GIVEN DATA>
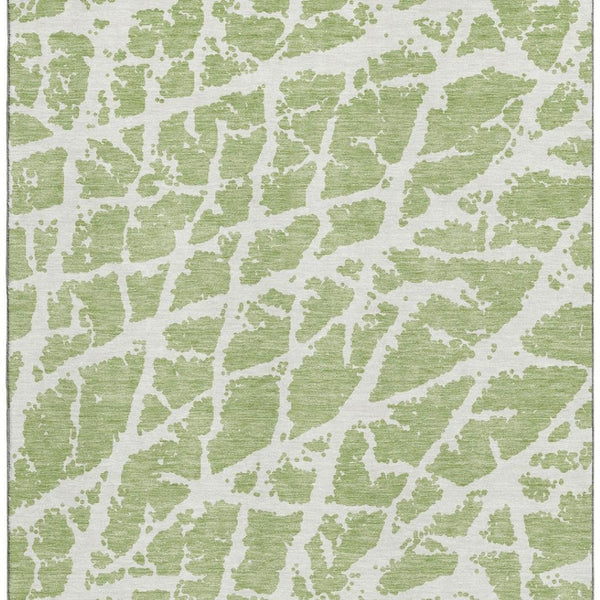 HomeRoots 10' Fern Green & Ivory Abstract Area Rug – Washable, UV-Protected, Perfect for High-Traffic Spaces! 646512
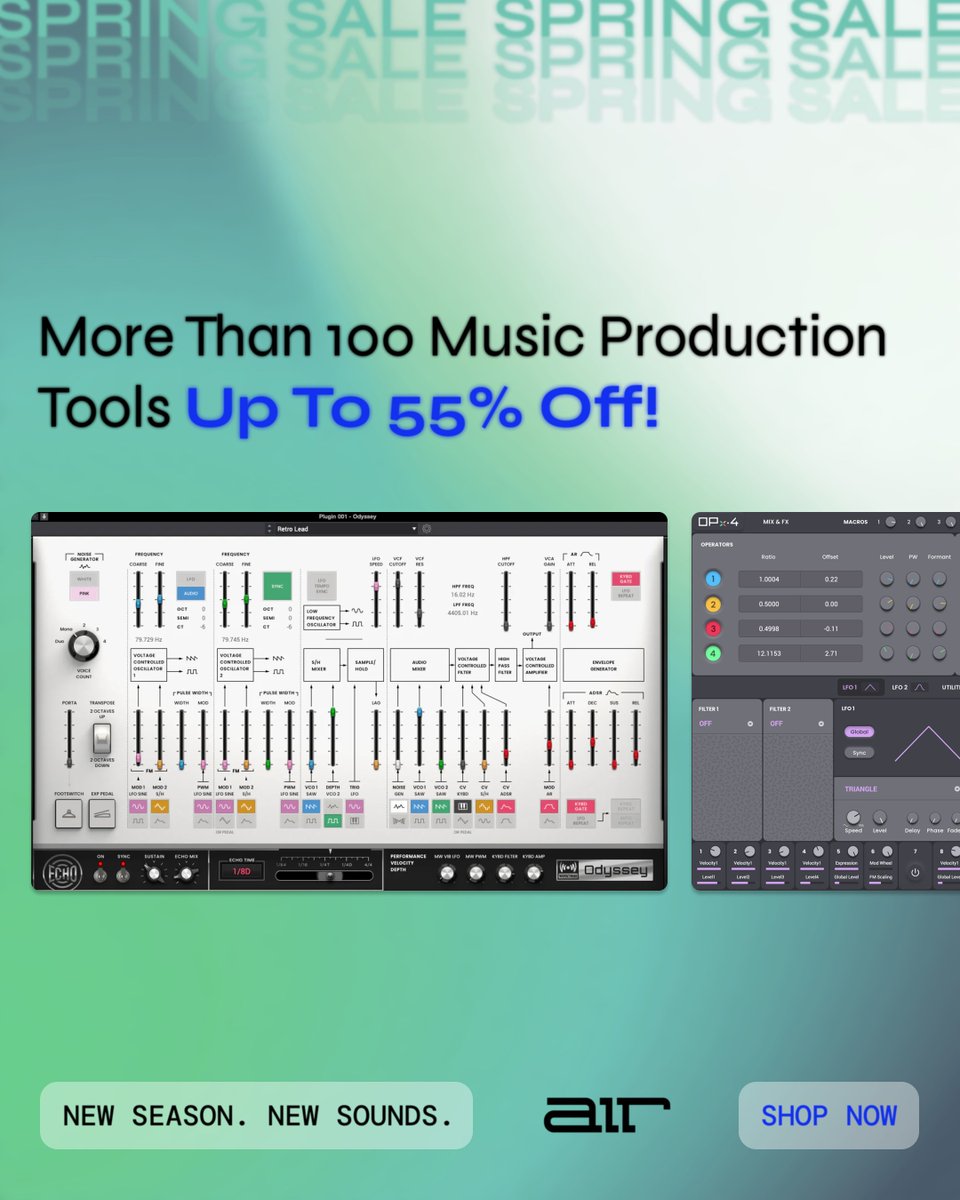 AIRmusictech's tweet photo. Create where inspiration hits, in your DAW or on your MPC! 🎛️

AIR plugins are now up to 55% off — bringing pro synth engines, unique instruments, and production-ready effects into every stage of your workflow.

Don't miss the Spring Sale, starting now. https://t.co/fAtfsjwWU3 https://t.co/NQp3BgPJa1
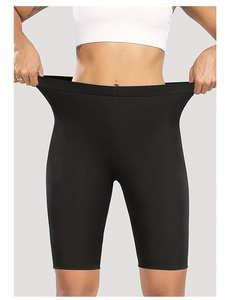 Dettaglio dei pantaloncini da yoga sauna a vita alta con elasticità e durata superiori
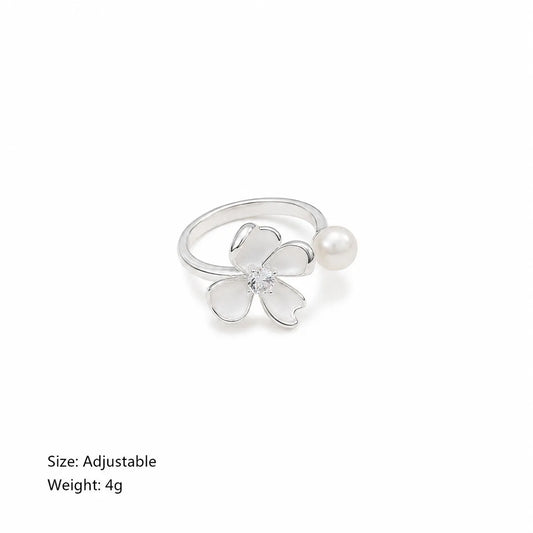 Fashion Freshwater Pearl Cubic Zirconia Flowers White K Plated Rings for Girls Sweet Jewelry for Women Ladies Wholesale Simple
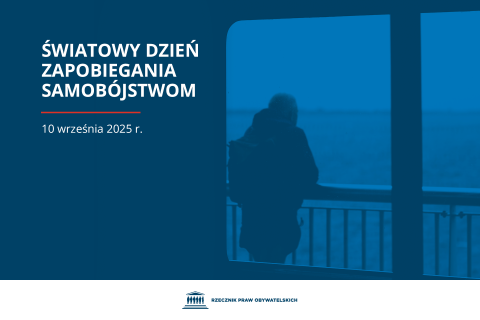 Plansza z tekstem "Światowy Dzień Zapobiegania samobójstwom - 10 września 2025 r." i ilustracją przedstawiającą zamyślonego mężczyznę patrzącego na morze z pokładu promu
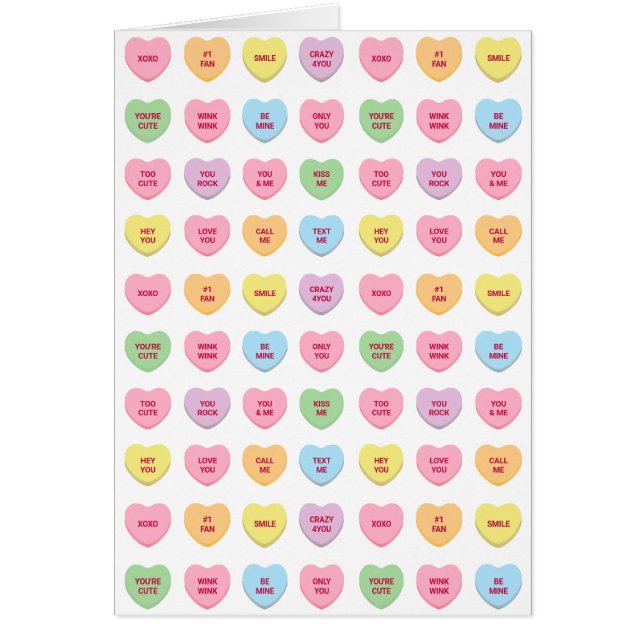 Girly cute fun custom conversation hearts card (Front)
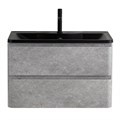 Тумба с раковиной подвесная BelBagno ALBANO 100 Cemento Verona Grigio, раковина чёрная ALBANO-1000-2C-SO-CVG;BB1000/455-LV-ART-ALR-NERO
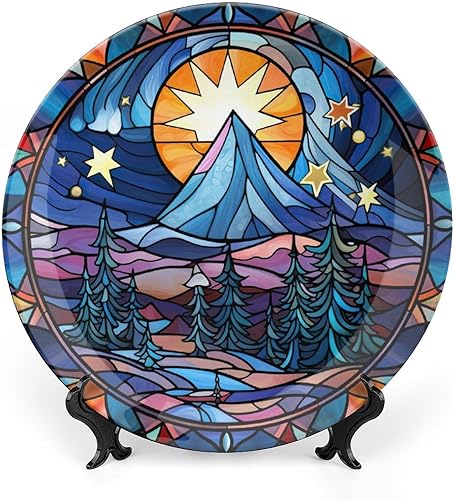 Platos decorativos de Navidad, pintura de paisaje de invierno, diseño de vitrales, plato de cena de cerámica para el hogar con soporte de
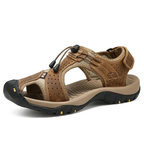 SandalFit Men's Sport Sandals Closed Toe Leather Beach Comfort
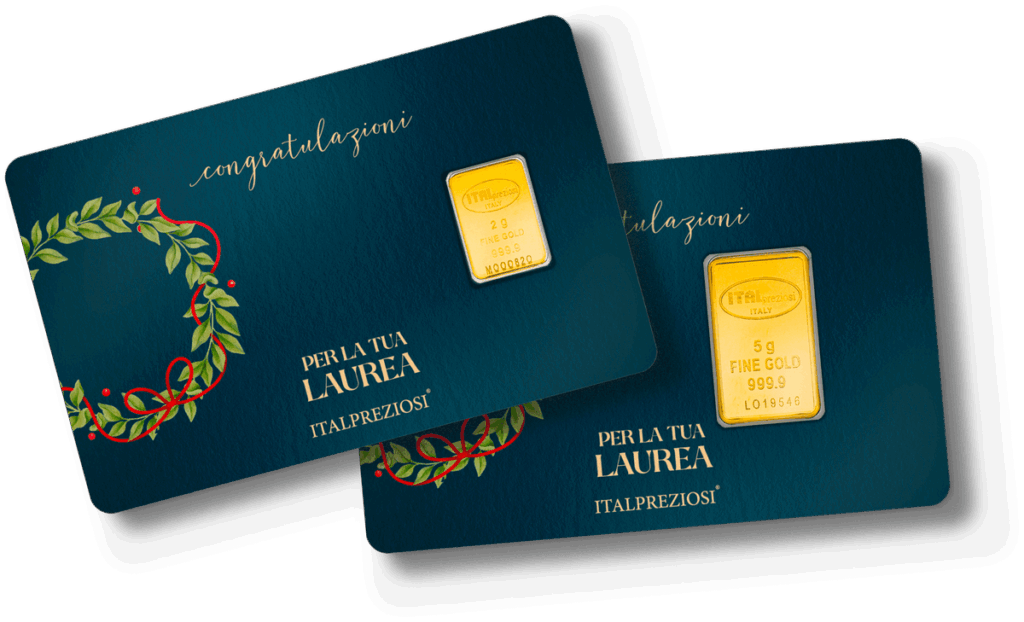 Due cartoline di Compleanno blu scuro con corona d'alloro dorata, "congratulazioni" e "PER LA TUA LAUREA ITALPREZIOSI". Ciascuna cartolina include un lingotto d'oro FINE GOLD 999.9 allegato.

--

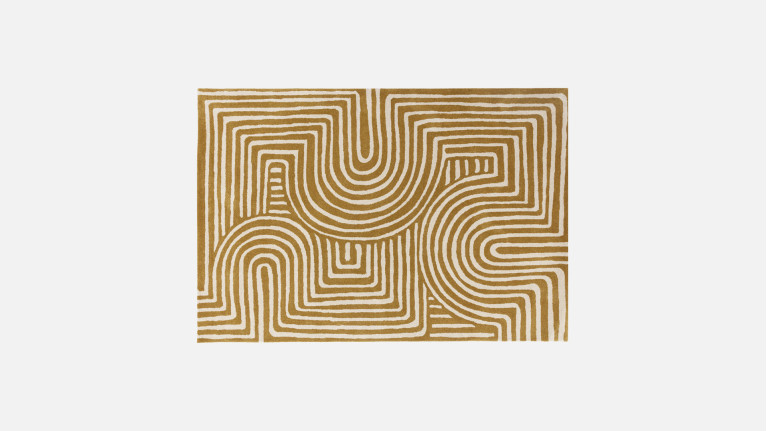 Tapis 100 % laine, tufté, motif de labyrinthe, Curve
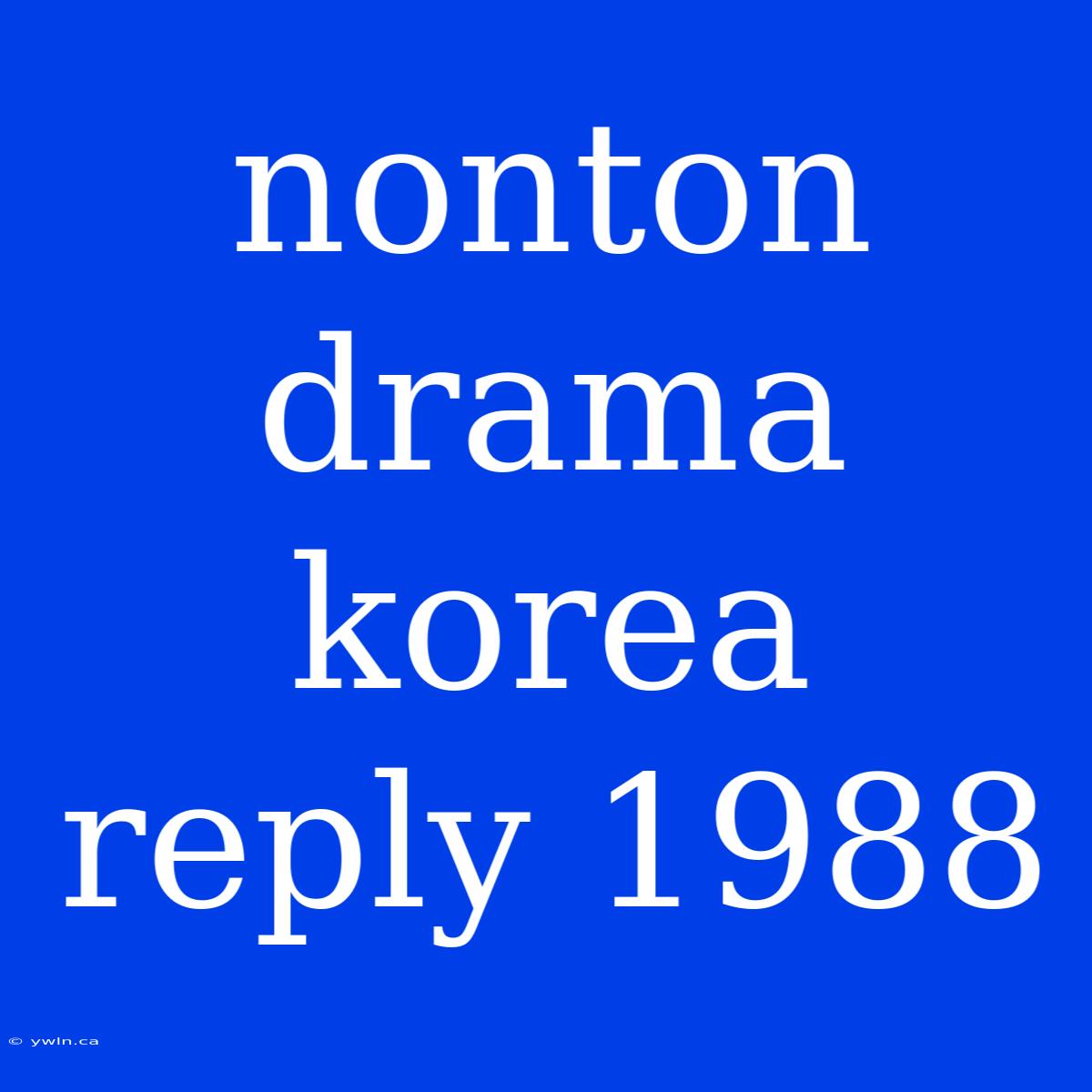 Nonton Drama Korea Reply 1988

WHAT YOU ARE ASKED TO DO> Beginning with the line above that contains "SandalFit Men's Sport" and finishing with the line that contains "Due cartoline di", print those lines exactly and only. Skip all pictures.

TASK RESULT>
 SandalFit Men's Sport Sandals Closed Toe Leather Beach Comfort
 Due cartoline di Compleanno blu scuro con corona d'alloro dorata, "congratulazioni" e "PER LA TUA LAUREA ITALPREZIOSI". Ciascuna cartolina include un lingotto d'oro FINE GOLD 999.9 allegato.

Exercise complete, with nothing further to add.